Mostert touched the ball only two times last season. However, he’s a guy who McDaniel will be familiar with from their time together in San Francisco. Mostert proved effective in the 49ers’ system as well. He put up BAE Ratings and RSRs both above the 74th percentile in each season from 2018 to 2020.

Michel has had an up-and-down career since being drafted by the Patriots in the first round back in 2018. Last season was one of the worst of his career from a rushing efficiency standpoint. On over 200 carries with the Rams, Michel had a CES of just 38.4. He also posted his third-straight season with a negative RSR.

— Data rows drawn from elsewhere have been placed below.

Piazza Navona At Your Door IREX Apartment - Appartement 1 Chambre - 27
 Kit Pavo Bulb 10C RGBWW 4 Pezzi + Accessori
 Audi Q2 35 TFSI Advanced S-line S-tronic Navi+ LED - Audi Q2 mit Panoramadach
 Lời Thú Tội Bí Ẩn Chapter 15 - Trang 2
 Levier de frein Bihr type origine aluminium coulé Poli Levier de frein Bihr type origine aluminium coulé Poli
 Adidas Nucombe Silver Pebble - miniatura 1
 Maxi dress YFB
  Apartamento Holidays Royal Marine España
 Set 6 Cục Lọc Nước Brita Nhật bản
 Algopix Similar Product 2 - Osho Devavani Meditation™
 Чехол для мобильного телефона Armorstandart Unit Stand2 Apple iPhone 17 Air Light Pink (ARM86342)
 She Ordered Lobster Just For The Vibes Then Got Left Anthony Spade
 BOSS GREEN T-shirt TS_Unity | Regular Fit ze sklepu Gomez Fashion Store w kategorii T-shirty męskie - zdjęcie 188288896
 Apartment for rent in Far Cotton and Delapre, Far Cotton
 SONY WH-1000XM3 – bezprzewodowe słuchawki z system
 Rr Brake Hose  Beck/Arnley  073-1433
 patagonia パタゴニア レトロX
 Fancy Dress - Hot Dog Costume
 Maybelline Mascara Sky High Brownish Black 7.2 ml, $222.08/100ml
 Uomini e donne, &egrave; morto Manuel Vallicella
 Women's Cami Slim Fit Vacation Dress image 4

The other backs currently under contract in Miami are 2021 UDFA Gerrid Doaks, 2022 UDFA ZaQuandre White, and the versatile Lynn Bowden. Doaks performed terribly as the lead runner for the Cincinnati Bearcats in 2020. White worked terrifically in limited work at South Carolina after a dominant 2019 season at Hutchinson Community College.

So Really, Now What?

I have no idea. Edmonds is a dynamic dual-threat player who is probably the best bet to offer consistent fantasy utility in this backfield. However. there’s so much unknown here. If the revolving door at running back in San Francisco is any indication, we might as well pick names out of a hat with the Dolphins. The good news is everyone here is affordable in dynasty. Edmonds’ RB33 price tag is the most expensive among them. Michel, Mostert, and Gaskin are all selected between RB63 and RB83. Everyone else is stone free, as Jimi Hendrix might say.

Final Word

If you’re one of these weirdos who’s drawn to “ambiguous” backfields like Gregory Illinivich’s moth employee is drawn to pediatrists’ offices, you might be all over the shit show that is the Dolphins running back depth chart. A time traveler could tell me literally any one of the dudes mentioned in this article (fuck it, including Hendrix) ended up leading the team in carries, and I’d believe them. Knock yourself out with your little dynasty upside shots on Edmonds and ZaQuandre. However, don’t hop in my Twitter DMs with any questions about this backfield expecting an intelligent response because I have no clue.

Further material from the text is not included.